[Dataset entries]
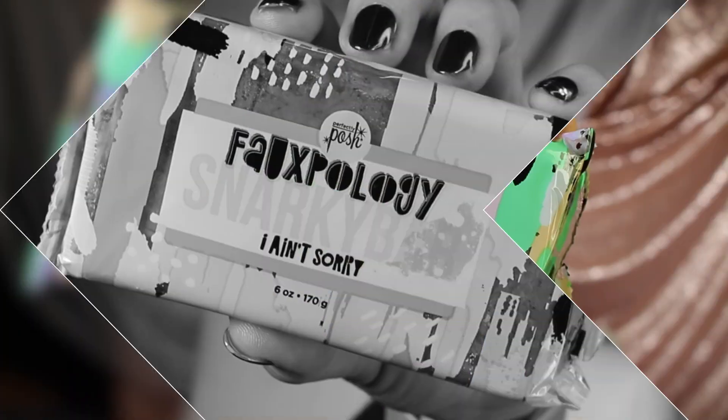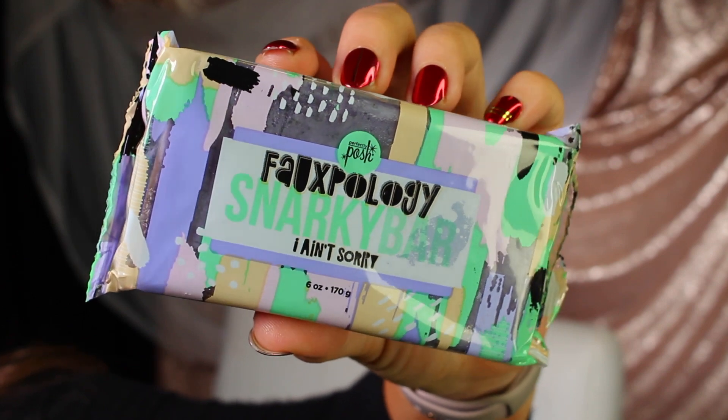Now on to some body products. I've discovered a new-to-me brand — one of my girlfriends sells this brand called Perfectly Posh, and I resisted for the longest time. Finally I put my order in and I am obsessed. One of the things I ordered is called a Snarky Bar — it's an exfoliating bar with a granular exfoliant. You get the bar wet, scrub it all over, and you've been exfoliated, whether it's for your daily exfoliant or before self-tanning.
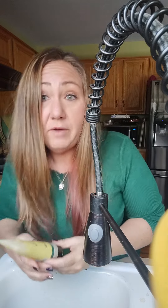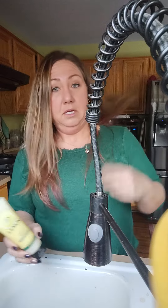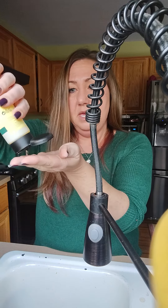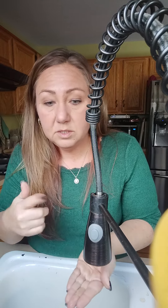I want to show you guys the lather on this lemon purifying face wash. It's gonna get loud and I'm gonna run the water. I know this is a face wash, but when it lathers it's supposed to draw up the impurities and the dirt from your skin, so I wanted to show you how. Let's see if I can get this for you.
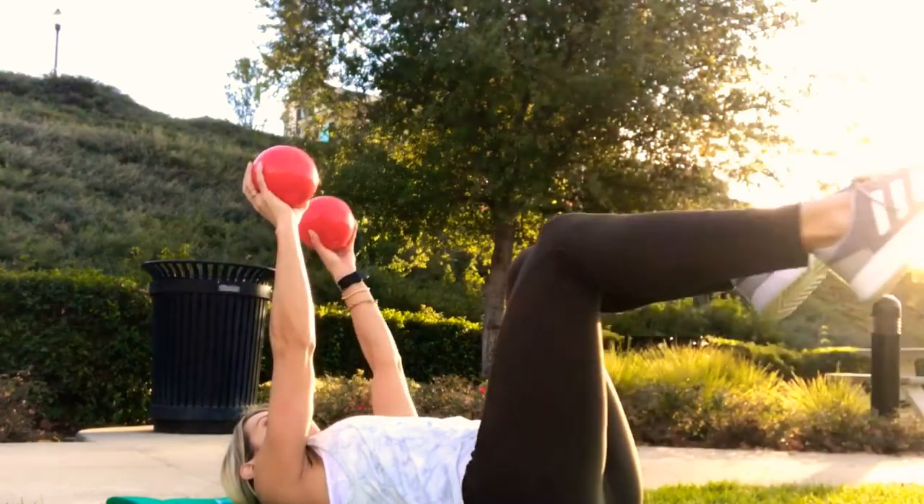That's it — you just completed the full body Pilates ball workout! Awesome job. I hope you got a great workout and will continue to use it in the future. If you have any questions or comments, please leave them below. If you liked this video, give it a like, share it, and subscribe so you don't miss future workout videos. If you need something more custom to reach your goals, contact me at renewalfitcoach@gmail.com or visit renewalfitcoach.com to learn more about my programs. Thanks for watching — see you soon!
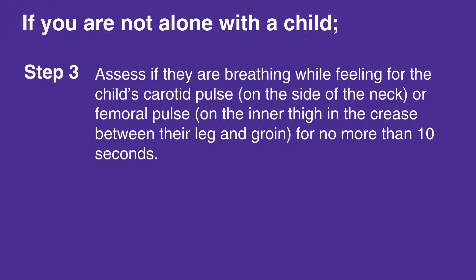Assess if they're breathing while feeling for the child's carotid pulse on the side of the neck, or femoral pulse on the inner thigh in the crease between their leg and groin, for no more than 10 seconds.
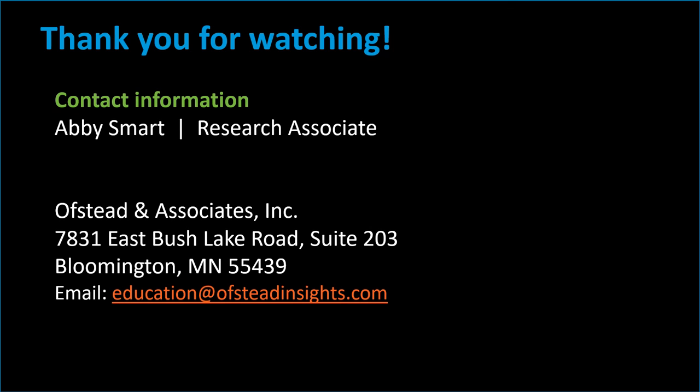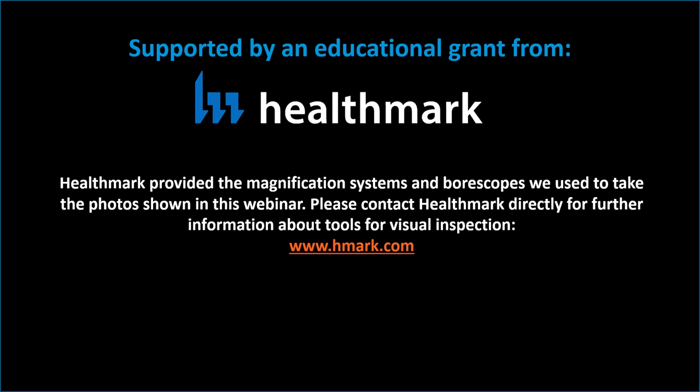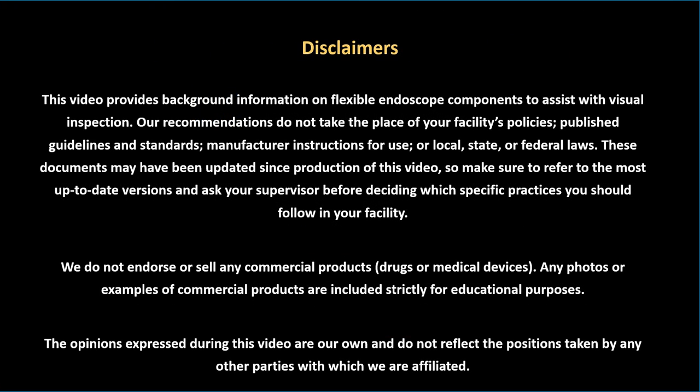Thanks for joining me today. For more information, visit our website or contact us by email at education@ofstedinsights.com. This video was made possible by an educational grant from Healthmark, who provided the magnification systems and borescopes that we use to conduct visual inspections. Please contact Healthmark directly for further information about their systems for visual inspection at www.hmark.com. We would also like to thank Endoscopy Repair Specialist, Inc., which provided technical advice related to visual inspection and endoscope anatomy. Here's a list of disclaimers that you should review before making any changes to device processing or visual inspection practices at your facility.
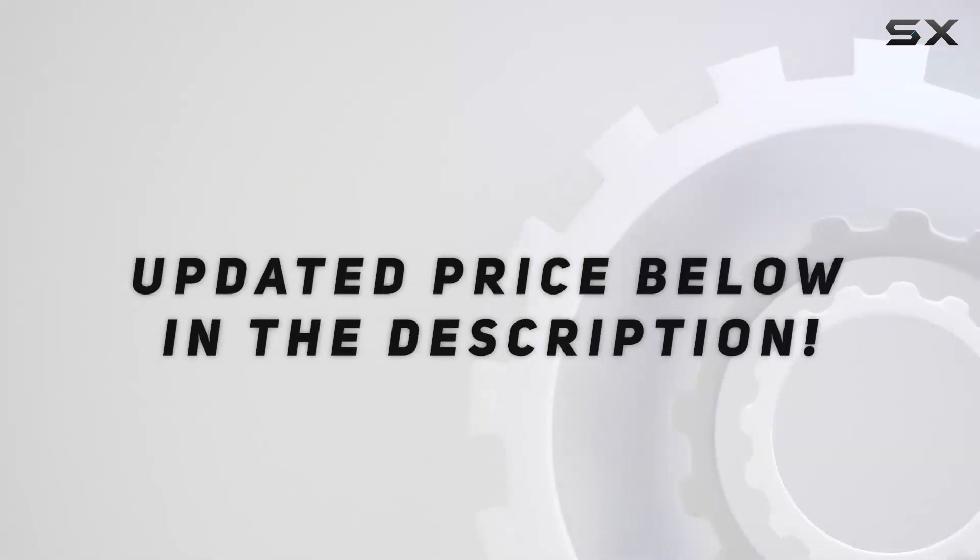Check out the video description for an updated price. Thank you for watching this video.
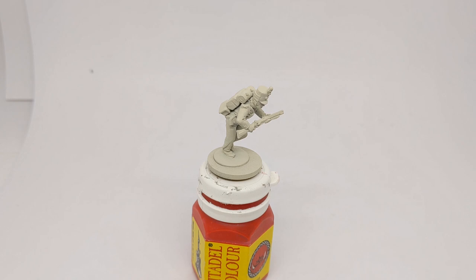Hi folks, Rudi at Claudin Painting Studio here. Today we are going to paint a British 95th Rifle for the Napoleonic Wars. This is a Perry plastic miniature and today we're going to largely use contrast paints from Citadel with a little bit of metallics and highlighting with acrylic paints at the end.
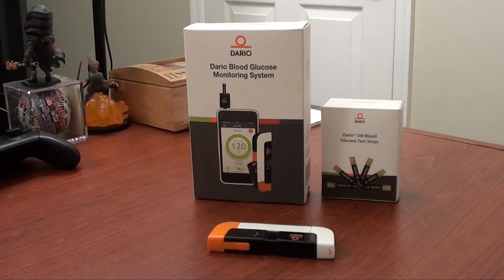Welcome back guys. I was looking for a good glucose monitor that would work with my iPhone and I came across this Dario system. So let's talk about it. But before we do, remember — if you like it, subscribe; if you subscribe, tell a friend.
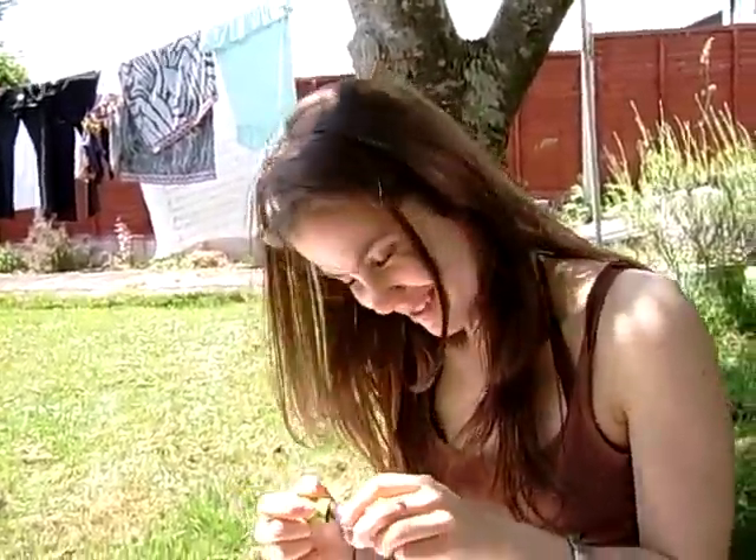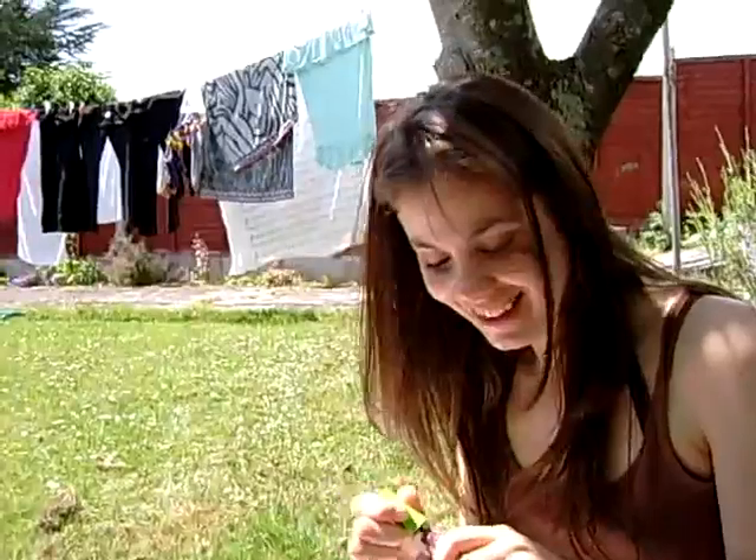Welcome to the program! I'm Abi Green and this is how to apply mascara.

§ Exercise goal:
Extract, verbatim and alone, the lines from the line that contains "Assess if they're" to the last line of the records, inclusive; drop any picture.

§ Finished task:
Assess if they're breathing while feeling for the child's carotid pulse on the side of the neck, or femoral pulse on the inner thigh in the crease between their leg and groin, for no more than 10 seconds.
Thanks for joining me today. For more information, visit our website or contact us by email at education@ofstedinsights.com. This video was made possible by an educational grant from Healthmark, who provided the magnification systems and borescopes that we use to conduct visual inspections. Please contact Healthmark directly for further information about their systems for visual inspection at www.hmark.com. We would also like to thank Endoscopy Repair Specialist, Inc., which provided technical advice related to visual inspection and endoscope anatomy. Here's a list of disclaimers that you should review before making any changes to device processing or visual inspection practices at your facility.
Check out the video description for an updated price. Thank you for watching this video.
Hi folks, Rudi at Claudin Painting Studio here. Today we are going to paint a British 95th Rifle for the Napoleonic Wars. This is a Perry plastic miniature and today we're going to largely use contrast paints from Citadel with a little bit of metallics and highlighting with acrylic paints at the end.
Welcome back guys. I was looking for a good glucose monitor that would work with my iPhone and I came across this Dario system. So let's talk about it. But before we do, remember — if you like it, subscribe; if you subscribe, tell a friend.
Welcome to the program! I'm Abi Green and this is how to apply mascara.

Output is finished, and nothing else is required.